Inês Sousa Real: O PAN nesta legislatura fez avanços muito concretos em matéria ambiental e de justiça social. É pela mão do PAN que se estão a financiar os passes sociais através da taxa de carbono, que hoje já arrecadou mais de 90 milhões de euros desta mesma taxa sobre a aviação. Mas precisamos de ir mais longe, começámos uma rota já da descarbonização da mobilidade no que diz respeito aos transportes públicos alargando o passe dos sub-23 dos jovens não apenas ao ensino superior, mas também a quem está nos cursos profissionais e conseguimos também incluir as bicicletas que passaram a ser de uso gratuito a quem tem os passes sociais.
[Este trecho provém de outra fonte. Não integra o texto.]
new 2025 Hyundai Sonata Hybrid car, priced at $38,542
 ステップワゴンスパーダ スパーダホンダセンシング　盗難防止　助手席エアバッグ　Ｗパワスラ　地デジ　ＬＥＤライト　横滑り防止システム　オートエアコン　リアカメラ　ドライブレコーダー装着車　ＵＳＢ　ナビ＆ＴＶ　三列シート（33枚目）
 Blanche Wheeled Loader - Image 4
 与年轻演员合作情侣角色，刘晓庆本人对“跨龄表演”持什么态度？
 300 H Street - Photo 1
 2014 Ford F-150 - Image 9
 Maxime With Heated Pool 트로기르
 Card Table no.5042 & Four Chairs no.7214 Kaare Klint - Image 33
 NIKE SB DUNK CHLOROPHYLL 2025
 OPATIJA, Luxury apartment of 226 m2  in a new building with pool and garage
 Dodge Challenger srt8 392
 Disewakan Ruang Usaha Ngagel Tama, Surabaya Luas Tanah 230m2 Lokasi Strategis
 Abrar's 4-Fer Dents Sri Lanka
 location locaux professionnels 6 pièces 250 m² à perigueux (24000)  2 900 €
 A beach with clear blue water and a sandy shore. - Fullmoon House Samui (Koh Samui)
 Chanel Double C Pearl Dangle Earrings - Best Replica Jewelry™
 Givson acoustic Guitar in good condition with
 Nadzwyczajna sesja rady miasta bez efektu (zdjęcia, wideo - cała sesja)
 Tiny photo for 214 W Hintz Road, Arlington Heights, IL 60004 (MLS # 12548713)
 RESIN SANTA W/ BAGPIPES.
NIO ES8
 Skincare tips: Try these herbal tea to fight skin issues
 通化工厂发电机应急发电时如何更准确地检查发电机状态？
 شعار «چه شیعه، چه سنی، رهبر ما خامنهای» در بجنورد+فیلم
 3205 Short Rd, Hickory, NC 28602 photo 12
Mas precisamos de ir mais longe, o PAN quer até ao fim da próxima legislatura e pensado já num futuro verde e descarbonizado garantir os passes gratuitos para toda a população. Esta é uma medida que tendo em conta o universo de pessoas que beneficiam e que circulam de transportes públicos, hoje sabemos que é de cerca de 1,6 milhões de pessoas, estimando que há um aumento da afluência para 2 milhões de pessoas, vamos precisar de 48 milhões de euros para financiar esta medida, que custa muito menos ao que está a ser destinado a borlas fiscais a quem mais polui e mais lucra. Precisamos também de revogar o simplex ambiental e urbanístico, porque o que o PS deu uma licença para devastar e destruir recursos naturais e nós não concordamos com estas medidas e pugnamos pela sua revogação para que haja justiça ambiental e social. Não posso deixar de dar a nota, a Mariana disse que nós na Madeira apoiámos aquelas medidas, o PAN não apoia essas medidas. O nosso compromisso, que achamos que é o mesmo de todas as forças democráticas, é o de que o populismo antidemocrático não ascenda ao poder e foi isso que o PAN fez de forma responsável, garantindo o avanço das suas medidas e das causas que representa como tem feito a nível nacional. Estamos na Assembleia, seja ela da República ou Regional, para garantir que a vida das pessoas, animais e natureza têm avanços efetivos e temo-lo feito de forma muito concreta.